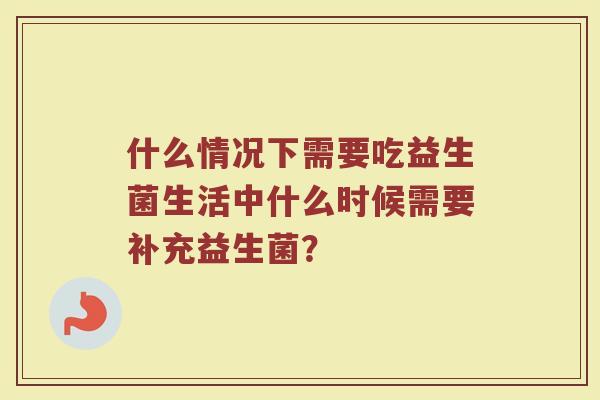 什么情况下需要吃益生菌生活中什么时候需要补充益生菌？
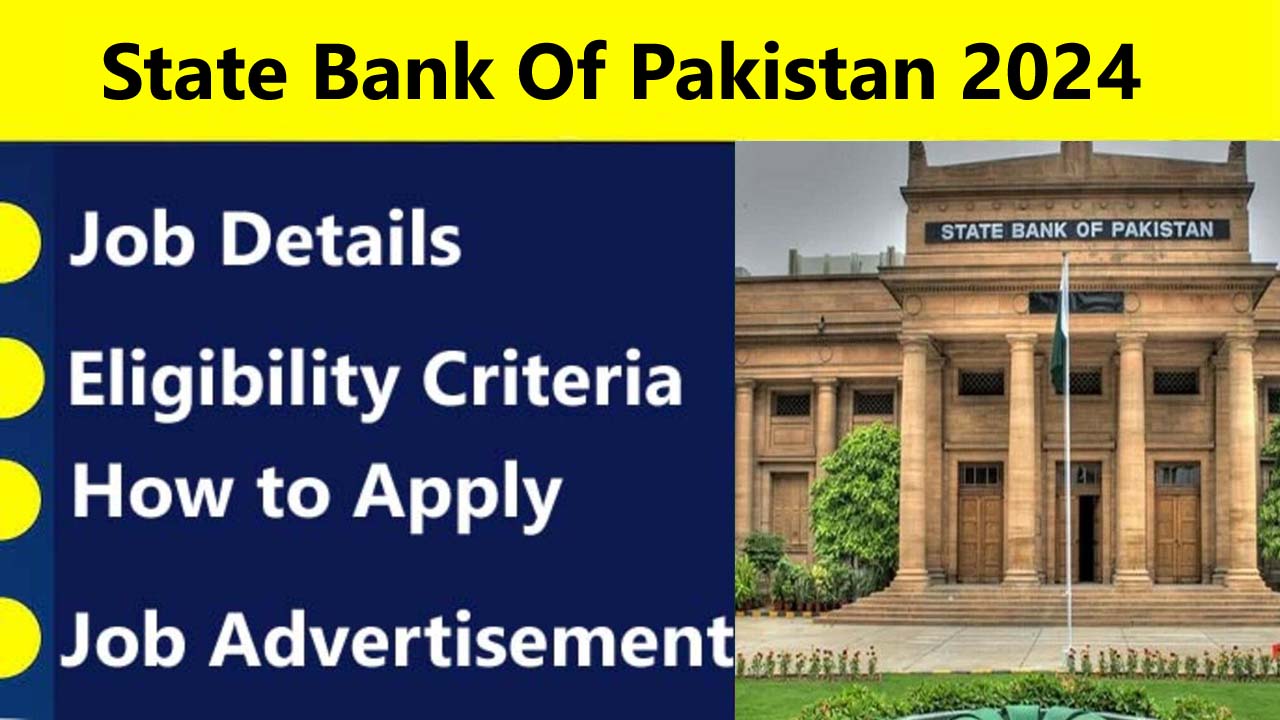 State Bank Of Pakistan (SBP) Jobs 2024 Online Application Form Through sbp.org.pk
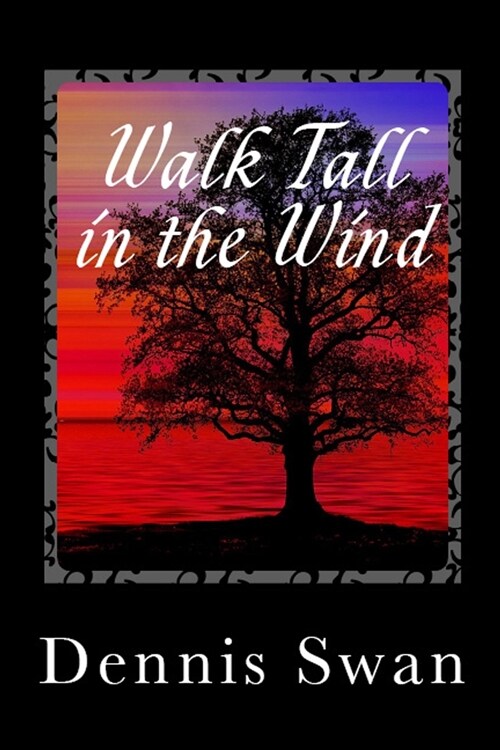 Walk Tall in the Wind: Early Settlement of the Michigan Territory (Paperback)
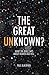The Great Unknown?: What the Bible says about Heaven and Hell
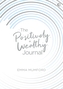 The Positively Wealthy Journal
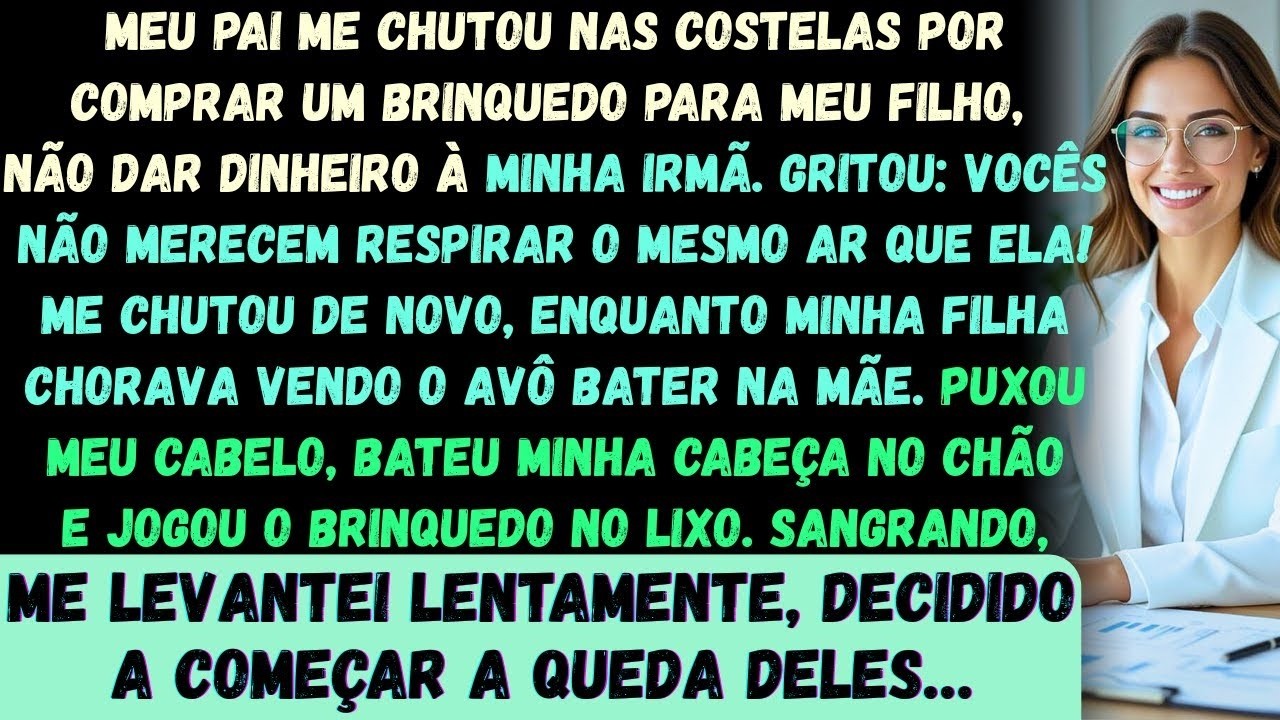 Meu pai me chutou forte nas costelas porque eu comprei um brinquedo para meu filho em vez de dar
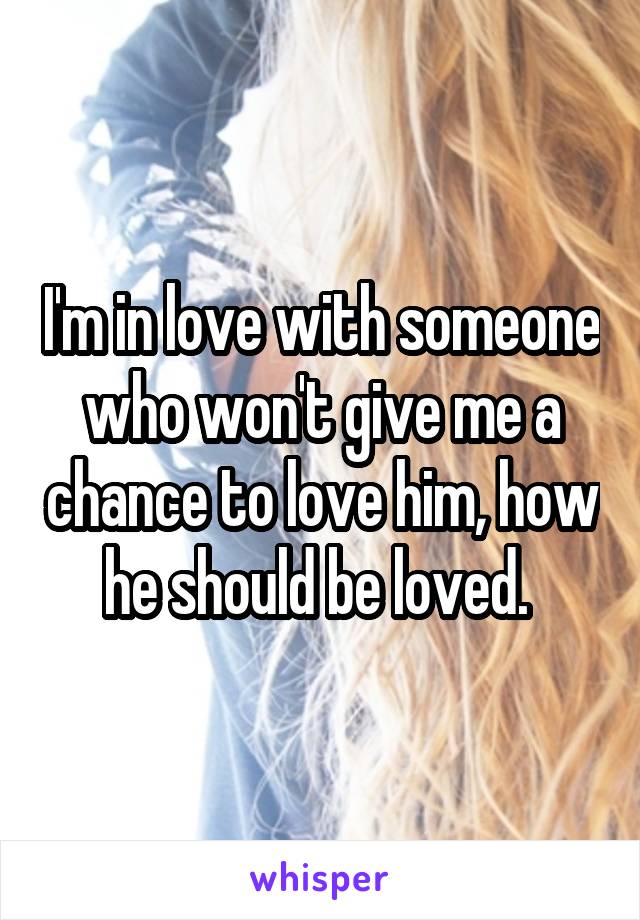 I'm in love with someone who won't give me a chance to love him, how he should be loved. 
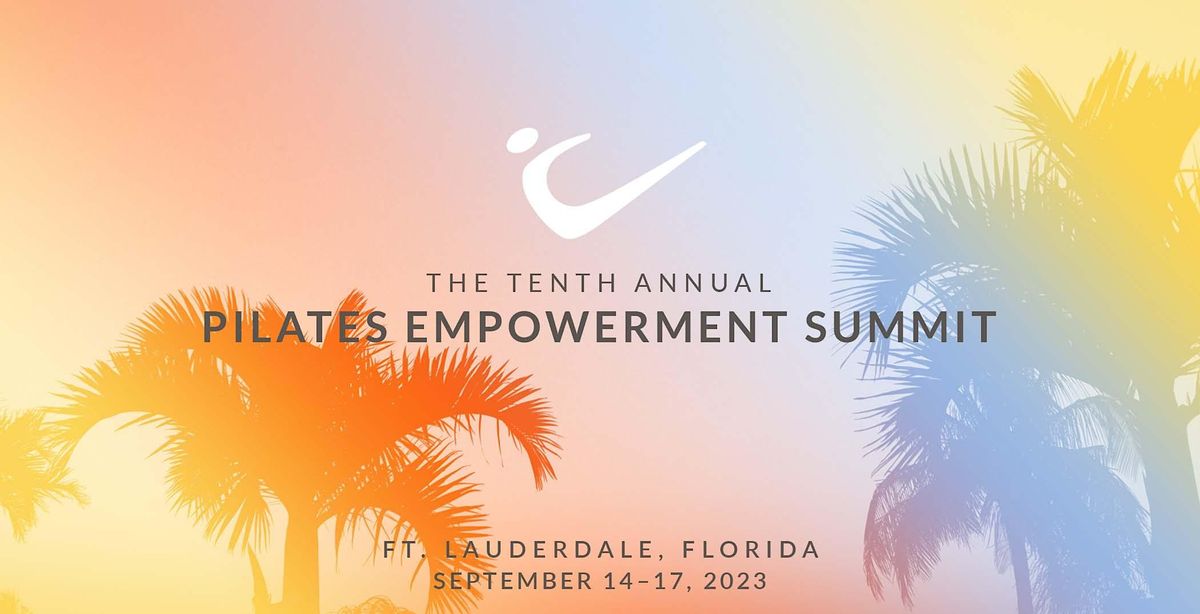 Pilates Empowerment Summit 2023, The Westin Fort Lauderdale Beach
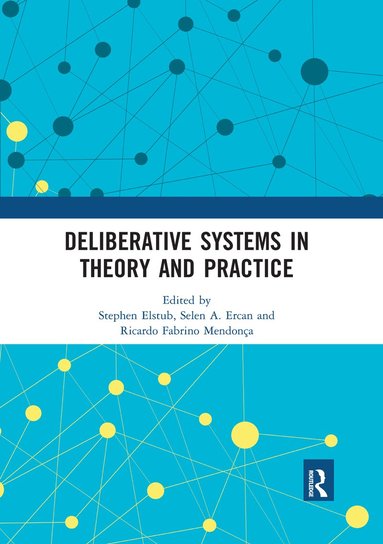 bokomslag Deliberative Systems in Theory and Practice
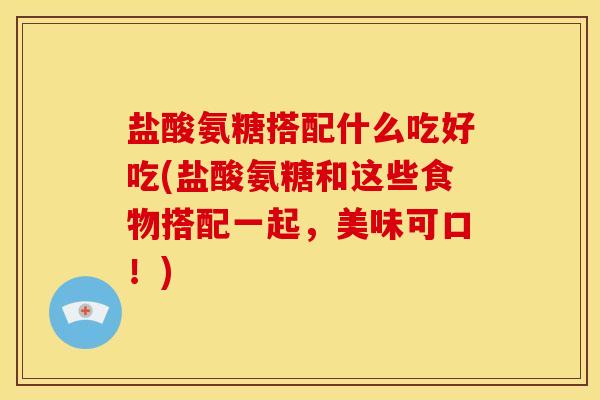 盐酸氨糖搭配什么吃好吃(盐酸氨糖和这些食物搭配一起，美味可口！)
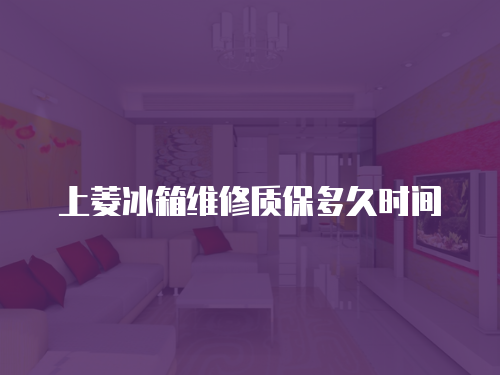 上菱冰箱維修質保多久時間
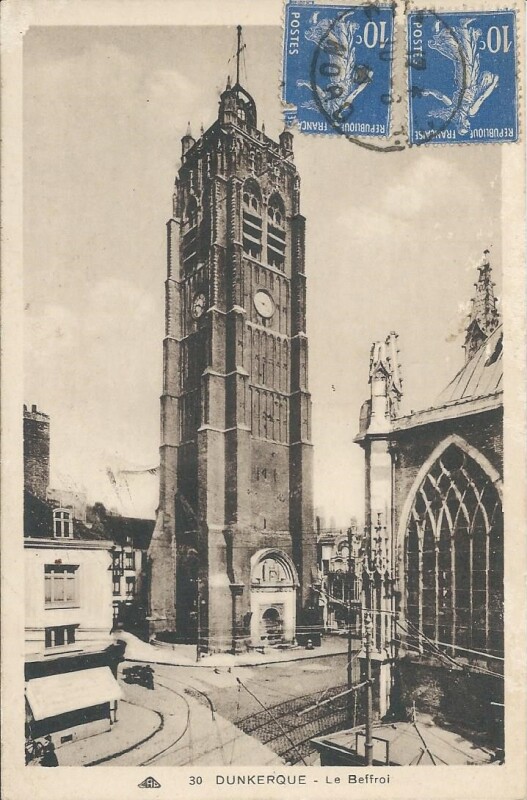 Carte postale ancienne Le Beffroi à Dunkerque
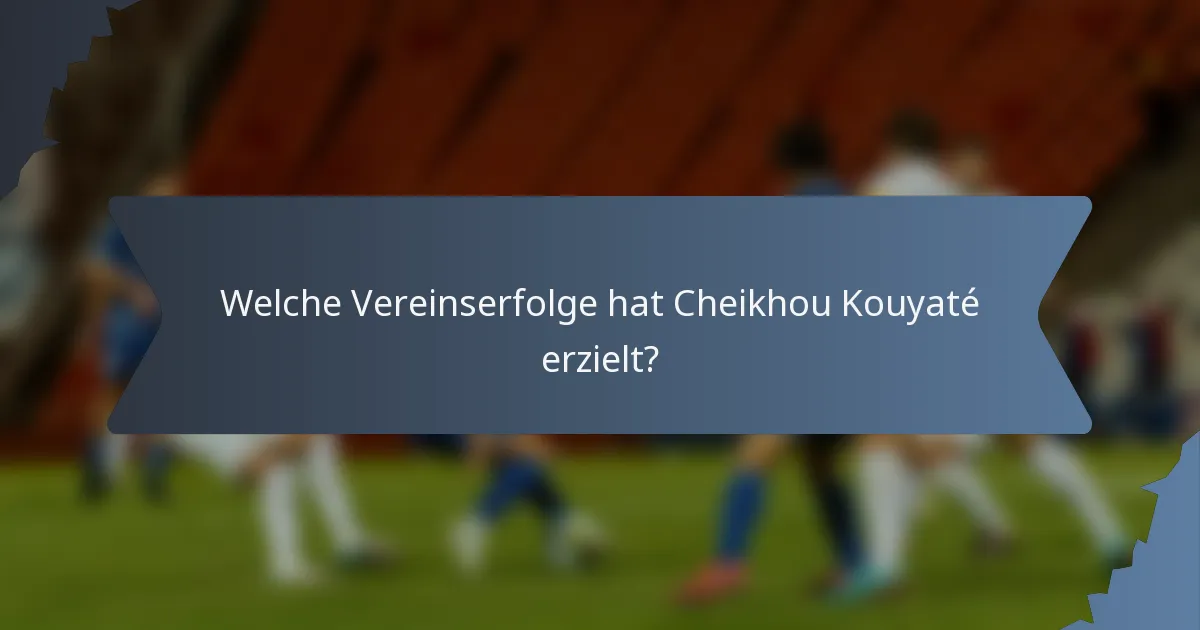 Welche Vereinserfolge hat Cheikhou Kouyaté erzielt?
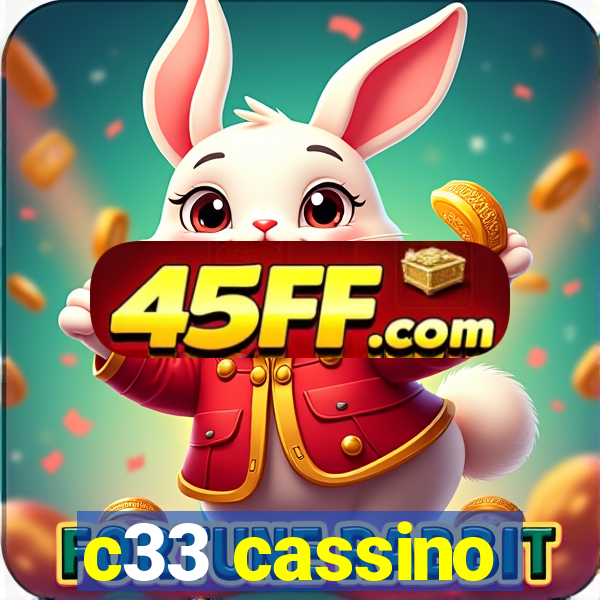 c33 cassino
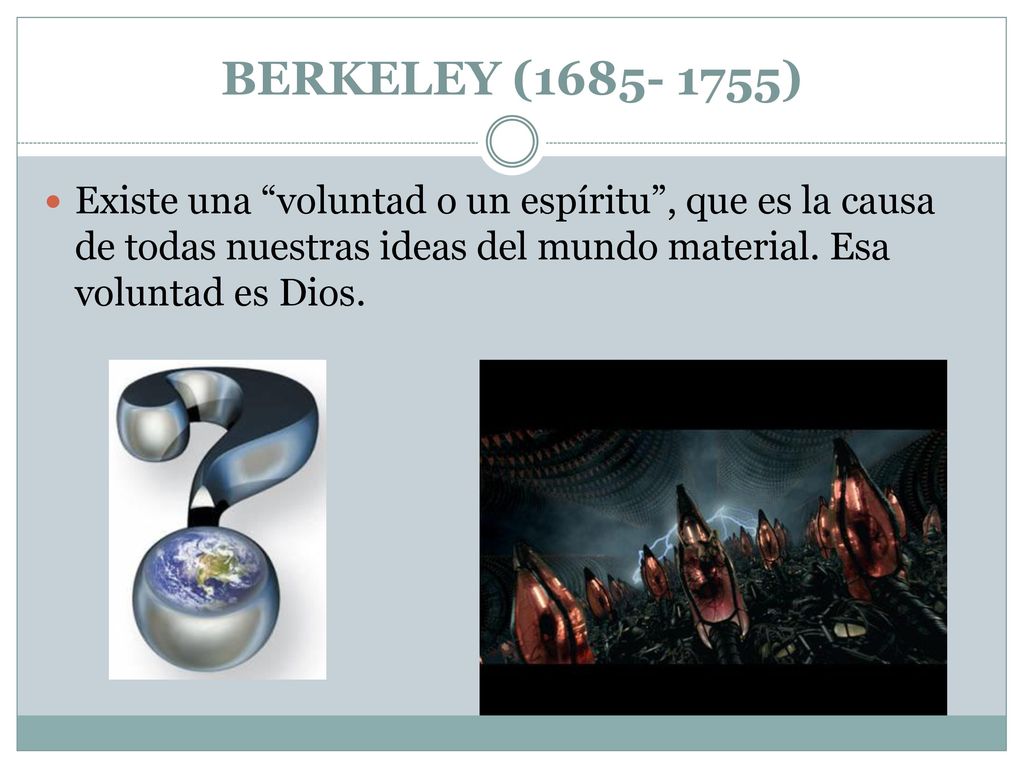 BERKELEY ( ) Existe una voluntad o un espíritu , que es la causa de todas nuestras ideas del mundo material.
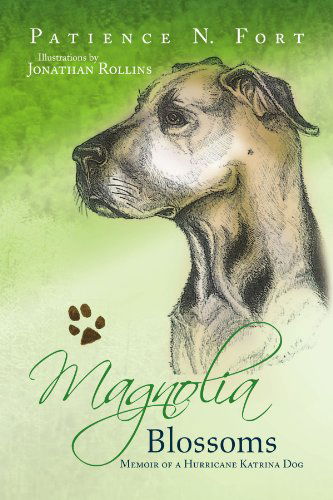 Cover for Patience N Fort · Magnolia Blossoms: Memoir of a Hurricane Katrina Dog (Paperback Book) (2008)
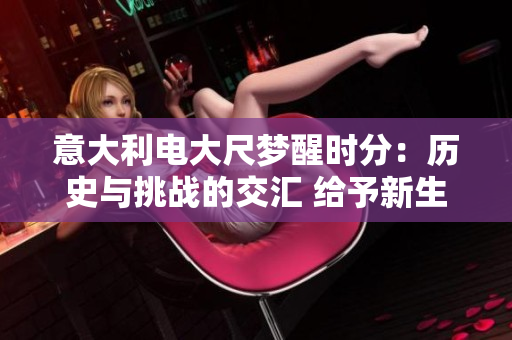 意大利电大尺梦醒时分：历史与挑战的交汇 给予新生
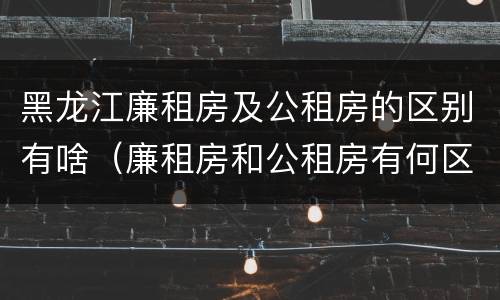 黑龙江廉租房及公租房的区别有啥（廉租房和公租房有何区别）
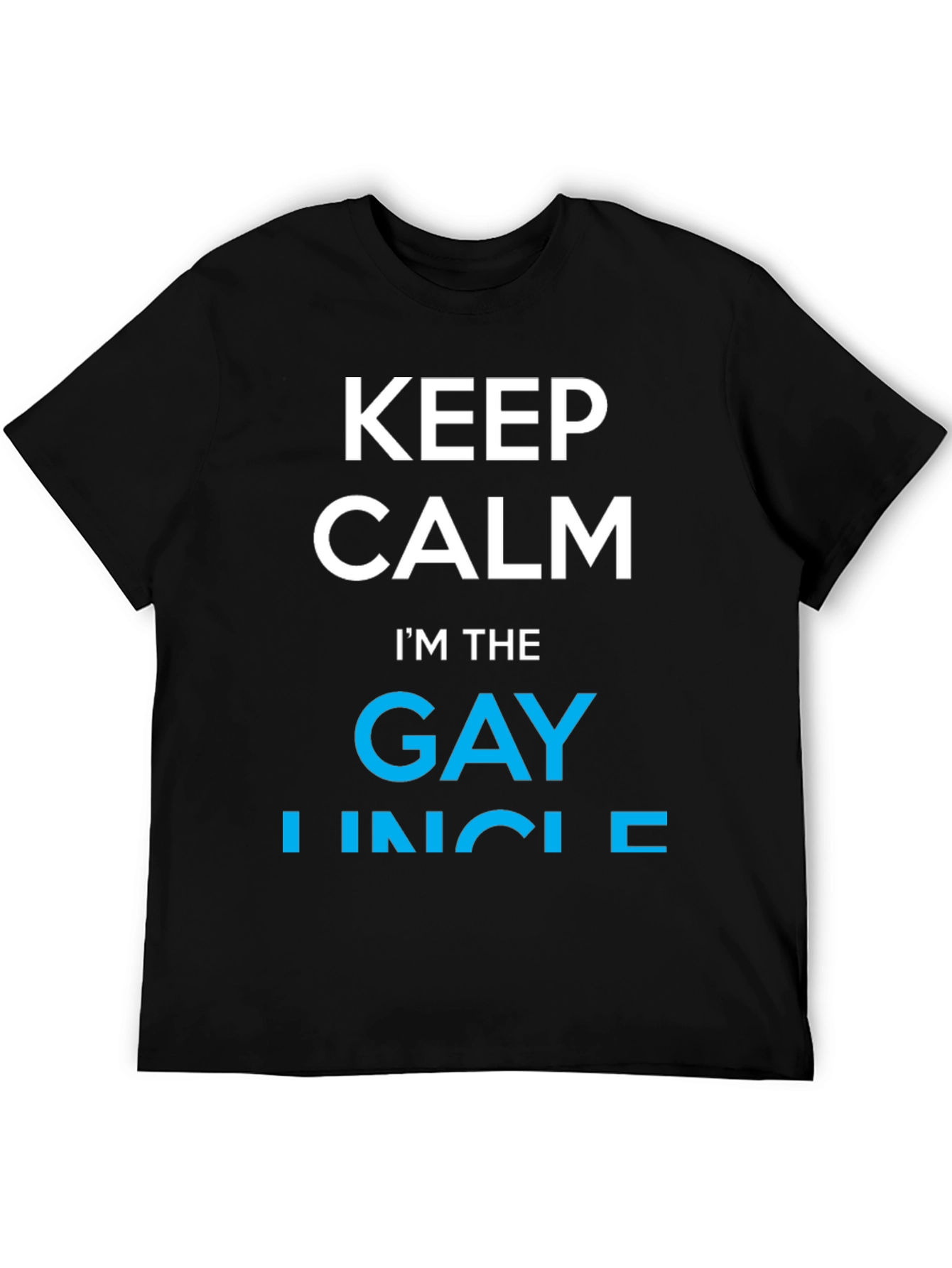 Keep Calm Im The Gay Uncle T-Shirt
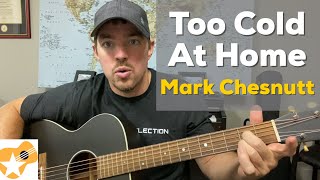Too Cold At Home | Mark Chesnutt | Beginner Guitar Lesson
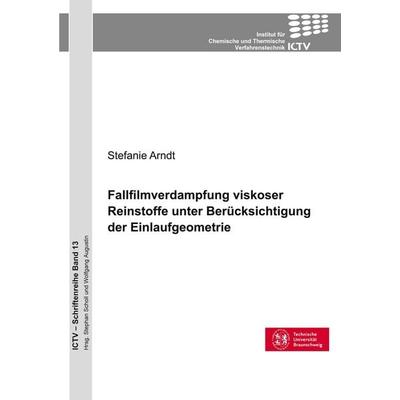 Fallfilmverdampfung viskoser Reinstoffe unter Berücksichtigung der Einlaufgeometrie, Taschenbuch von Stefanie Arndt, Cuvillier Verlag,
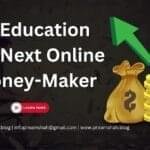 Is Education the Next Online Money-Maker 5 Is Education the Next Online Money-Maker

--

# Exercise instructions
At the line containing "Too Cold At", begin reproducing the entries word for word, and continue through their last line. Leave out the pictures.

# Problem solution
Too Cold At Home | Mark Chesnutt | Beginner Guitar Lesson
 Fallfilmverdampfung viskoser Reinstoffe unter Berücksichtigung der Einlaufgeometrie, Taschenbuch von Stefanie Arndt, Cuvillier Verlag,
 Is Education the Next Online Money-Maker 5 Is Education the Next Online Money-Maker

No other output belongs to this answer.